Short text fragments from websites
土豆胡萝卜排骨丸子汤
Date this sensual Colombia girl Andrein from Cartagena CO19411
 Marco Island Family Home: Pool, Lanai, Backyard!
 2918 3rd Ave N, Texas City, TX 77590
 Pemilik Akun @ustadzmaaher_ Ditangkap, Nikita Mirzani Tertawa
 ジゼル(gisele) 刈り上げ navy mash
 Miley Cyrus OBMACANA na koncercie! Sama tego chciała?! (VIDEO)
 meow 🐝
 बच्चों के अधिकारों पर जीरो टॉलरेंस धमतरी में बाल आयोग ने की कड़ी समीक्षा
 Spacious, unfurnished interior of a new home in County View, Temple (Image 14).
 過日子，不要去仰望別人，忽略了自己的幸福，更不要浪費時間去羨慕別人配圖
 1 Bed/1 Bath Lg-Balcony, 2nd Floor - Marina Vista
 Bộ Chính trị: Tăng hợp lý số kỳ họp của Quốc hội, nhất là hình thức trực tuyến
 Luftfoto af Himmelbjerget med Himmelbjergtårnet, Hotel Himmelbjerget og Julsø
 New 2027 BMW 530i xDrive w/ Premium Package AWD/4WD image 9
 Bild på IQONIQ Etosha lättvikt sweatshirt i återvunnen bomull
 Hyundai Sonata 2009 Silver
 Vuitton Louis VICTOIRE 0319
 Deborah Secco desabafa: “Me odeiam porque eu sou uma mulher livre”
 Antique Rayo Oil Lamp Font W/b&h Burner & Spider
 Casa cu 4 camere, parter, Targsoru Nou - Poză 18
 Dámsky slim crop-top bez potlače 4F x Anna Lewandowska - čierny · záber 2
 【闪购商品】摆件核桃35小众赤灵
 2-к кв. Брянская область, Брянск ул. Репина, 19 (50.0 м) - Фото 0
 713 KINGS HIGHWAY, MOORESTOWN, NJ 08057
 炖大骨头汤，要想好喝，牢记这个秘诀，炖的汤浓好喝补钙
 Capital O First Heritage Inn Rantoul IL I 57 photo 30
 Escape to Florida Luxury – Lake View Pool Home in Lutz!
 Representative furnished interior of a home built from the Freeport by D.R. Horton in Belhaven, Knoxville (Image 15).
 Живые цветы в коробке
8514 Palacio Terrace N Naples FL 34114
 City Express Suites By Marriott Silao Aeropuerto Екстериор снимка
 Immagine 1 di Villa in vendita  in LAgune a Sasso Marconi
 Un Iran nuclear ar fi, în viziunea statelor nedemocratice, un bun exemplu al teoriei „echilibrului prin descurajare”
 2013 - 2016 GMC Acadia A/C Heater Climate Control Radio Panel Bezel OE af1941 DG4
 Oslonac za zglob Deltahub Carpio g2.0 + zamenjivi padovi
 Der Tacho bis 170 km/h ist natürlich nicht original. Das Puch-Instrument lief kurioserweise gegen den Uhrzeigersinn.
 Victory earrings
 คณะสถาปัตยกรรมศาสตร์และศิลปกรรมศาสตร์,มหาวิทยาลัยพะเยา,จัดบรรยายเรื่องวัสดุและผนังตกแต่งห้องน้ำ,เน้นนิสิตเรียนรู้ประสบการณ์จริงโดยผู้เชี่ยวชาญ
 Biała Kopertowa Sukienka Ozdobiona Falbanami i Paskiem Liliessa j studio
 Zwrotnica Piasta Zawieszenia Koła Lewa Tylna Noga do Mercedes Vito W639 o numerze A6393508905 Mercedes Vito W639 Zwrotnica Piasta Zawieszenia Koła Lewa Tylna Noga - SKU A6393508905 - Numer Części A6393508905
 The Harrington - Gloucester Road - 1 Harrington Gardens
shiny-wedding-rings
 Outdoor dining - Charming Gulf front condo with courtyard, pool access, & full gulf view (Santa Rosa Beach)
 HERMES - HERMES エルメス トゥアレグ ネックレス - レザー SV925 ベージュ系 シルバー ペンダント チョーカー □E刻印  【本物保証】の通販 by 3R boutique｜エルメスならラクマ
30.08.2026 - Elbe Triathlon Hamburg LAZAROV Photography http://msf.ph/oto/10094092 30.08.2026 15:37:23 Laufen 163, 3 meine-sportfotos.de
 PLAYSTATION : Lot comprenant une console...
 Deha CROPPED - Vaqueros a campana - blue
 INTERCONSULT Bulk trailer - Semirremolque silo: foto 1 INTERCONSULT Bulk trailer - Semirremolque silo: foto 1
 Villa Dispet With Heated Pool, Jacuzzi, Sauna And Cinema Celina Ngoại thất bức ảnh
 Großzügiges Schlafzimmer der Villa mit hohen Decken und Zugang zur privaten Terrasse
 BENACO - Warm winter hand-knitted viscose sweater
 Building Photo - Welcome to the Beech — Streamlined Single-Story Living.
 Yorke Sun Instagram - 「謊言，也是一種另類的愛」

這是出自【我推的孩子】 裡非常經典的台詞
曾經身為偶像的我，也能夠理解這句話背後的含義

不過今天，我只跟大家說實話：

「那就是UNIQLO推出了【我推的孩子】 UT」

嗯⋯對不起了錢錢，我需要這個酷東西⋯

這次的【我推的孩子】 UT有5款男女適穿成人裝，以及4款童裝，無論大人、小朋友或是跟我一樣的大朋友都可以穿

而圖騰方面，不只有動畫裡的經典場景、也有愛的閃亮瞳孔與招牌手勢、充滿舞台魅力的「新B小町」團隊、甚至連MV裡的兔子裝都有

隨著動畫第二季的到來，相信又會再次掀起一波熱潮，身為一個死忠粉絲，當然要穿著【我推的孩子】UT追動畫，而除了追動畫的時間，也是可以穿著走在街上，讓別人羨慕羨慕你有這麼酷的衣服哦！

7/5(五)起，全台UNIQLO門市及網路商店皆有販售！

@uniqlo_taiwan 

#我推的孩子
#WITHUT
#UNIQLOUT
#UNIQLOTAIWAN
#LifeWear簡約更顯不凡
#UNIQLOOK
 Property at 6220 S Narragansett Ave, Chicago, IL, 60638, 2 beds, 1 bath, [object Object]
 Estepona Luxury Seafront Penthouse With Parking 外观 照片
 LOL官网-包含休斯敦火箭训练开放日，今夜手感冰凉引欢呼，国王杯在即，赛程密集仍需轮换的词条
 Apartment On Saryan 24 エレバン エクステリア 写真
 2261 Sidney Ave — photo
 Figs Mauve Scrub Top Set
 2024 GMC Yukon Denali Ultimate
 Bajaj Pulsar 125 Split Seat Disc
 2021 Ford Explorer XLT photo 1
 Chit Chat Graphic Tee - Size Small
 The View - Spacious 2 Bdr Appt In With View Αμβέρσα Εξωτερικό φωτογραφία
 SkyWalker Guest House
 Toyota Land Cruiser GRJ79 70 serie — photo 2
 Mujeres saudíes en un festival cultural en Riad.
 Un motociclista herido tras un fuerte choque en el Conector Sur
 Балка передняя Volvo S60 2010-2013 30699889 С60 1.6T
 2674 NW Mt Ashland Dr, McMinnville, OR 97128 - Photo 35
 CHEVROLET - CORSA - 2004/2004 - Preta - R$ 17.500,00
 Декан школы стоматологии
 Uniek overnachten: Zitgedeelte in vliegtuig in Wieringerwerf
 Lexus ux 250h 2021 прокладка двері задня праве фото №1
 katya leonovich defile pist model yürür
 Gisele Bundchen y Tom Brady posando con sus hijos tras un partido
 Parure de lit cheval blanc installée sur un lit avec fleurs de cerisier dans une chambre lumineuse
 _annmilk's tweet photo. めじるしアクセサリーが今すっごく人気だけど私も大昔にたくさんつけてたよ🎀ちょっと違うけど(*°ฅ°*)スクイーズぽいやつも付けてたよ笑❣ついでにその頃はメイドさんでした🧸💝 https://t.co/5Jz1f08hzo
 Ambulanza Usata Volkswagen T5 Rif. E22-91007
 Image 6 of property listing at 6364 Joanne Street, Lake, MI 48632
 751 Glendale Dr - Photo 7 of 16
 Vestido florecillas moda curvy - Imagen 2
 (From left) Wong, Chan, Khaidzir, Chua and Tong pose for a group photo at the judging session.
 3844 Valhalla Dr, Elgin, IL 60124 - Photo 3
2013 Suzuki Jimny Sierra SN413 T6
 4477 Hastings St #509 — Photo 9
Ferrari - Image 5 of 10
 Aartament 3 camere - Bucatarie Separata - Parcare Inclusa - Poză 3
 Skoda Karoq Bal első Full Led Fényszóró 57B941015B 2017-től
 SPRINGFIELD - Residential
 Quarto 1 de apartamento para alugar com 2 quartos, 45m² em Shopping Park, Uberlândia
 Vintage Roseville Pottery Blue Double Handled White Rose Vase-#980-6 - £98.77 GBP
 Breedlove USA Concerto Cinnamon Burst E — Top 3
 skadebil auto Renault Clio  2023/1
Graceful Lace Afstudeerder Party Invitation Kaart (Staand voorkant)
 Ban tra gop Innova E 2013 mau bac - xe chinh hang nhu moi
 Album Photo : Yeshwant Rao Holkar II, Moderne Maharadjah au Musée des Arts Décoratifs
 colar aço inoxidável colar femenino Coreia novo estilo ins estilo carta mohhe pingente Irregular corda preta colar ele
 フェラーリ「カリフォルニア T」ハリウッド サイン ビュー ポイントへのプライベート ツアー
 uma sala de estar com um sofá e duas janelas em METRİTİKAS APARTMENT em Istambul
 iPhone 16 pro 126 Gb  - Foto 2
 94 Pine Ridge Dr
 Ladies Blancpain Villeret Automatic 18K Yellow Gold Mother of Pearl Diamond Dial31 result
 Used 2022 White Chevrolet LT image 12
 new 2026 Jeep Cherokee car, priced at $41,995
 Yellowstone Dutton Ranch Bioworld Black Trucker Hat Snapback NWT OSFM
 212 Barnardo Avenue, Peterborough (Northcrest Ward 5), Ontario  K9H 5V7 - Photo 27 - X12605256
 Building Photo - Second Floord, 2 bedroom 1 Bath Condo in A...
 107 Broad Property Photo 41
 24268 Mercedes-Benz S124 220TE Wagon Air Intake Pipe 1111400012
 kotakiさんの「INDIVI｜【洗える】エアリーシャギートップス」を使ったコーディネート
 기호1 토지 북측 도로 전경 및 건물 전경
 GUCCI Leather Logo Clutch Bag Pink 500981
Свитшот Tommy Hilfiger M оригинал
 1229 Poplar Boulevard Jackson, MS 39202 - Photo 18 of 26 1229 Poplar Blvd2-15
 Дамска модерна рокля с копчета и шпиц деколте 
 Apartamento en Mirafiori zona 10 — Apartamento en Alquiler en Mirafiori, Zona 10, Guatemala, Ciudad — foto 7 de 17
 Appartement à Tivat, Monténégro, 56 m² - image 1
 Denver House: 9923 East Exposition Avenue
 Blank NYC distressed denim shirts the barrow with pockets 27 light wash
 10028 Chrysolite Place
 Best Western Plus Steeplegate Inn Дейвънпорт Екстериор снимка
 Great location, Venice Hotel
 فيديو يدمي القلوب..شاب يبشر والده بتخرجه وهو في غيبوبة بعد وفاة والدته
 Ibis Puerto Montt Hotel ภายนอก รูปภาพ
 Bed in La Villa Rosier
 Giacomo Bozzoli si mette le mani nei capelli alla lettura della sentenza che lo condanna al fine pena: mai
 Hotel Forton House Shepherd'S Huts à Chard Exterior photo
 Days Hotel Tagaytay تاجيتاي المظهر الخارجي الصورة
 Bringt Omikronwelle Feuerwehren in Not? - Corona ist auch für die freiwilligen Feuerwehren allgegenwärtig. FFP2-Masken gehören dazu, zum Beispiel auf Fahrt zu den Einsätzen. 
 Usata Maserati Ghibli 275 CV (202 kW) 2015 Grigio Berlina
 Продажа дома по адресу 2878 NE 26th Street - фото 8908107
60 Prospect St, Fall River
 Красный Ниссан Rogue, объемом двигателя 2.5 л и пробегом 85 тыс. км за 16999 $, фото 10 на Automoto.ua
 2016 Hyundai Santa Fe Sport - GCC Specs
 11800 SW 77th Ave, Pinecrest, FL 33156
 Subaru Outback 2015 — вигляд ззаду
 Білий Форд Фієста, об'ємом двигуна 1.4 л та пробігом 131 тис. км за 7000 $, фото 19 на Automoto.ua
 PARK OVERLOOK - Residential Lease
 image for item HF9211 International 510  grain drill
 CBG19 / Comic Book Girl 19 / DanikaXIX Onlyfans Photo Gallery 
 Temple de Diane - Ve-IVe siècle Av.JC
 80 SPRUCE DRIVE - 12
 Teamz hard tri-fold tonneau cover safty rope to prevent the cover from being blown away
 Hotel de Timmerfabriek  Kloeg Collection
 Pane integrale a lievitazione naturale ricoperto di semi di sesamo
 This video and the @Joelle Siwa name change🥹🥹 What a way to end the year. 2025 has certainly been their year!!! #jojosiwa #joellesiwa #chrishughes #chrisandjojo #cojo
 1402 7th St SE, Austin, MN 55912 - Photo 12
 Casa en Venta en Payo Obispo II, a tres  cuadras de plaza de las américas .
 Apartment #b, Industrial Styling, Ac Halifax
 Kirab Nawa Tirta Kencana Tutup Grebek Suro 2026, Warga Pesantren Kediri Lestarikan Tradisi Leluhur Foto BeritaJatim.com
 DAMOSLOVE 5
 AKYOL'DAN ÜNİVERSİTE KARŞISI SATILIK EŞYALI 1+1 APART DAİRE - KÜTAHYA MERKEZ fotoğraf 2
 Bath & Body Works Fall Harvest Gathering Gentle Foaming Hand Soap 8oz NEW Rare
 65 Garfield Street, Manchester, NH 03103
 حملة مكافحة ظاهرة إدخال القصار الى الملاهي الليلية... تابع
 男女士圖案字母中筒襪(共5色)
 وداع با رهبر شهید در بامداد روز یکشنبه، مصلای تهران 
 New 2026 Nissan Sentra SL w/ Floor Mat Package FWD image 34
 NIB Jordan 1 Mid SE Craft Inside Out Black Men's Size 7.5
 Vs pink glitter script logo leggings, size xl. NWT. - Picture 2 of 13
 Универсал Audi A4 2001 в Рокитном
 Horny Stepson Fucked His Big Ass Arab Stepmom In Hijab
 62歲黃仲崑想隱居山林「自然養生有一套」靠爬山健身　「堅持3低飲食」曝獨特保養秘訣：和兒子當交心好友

**PROBLEM REQUIREMENTS:** Work out how many lines in the records above include the string "Building", and provide that figure with no other text.

**WRITTEN SOLUTION:** 2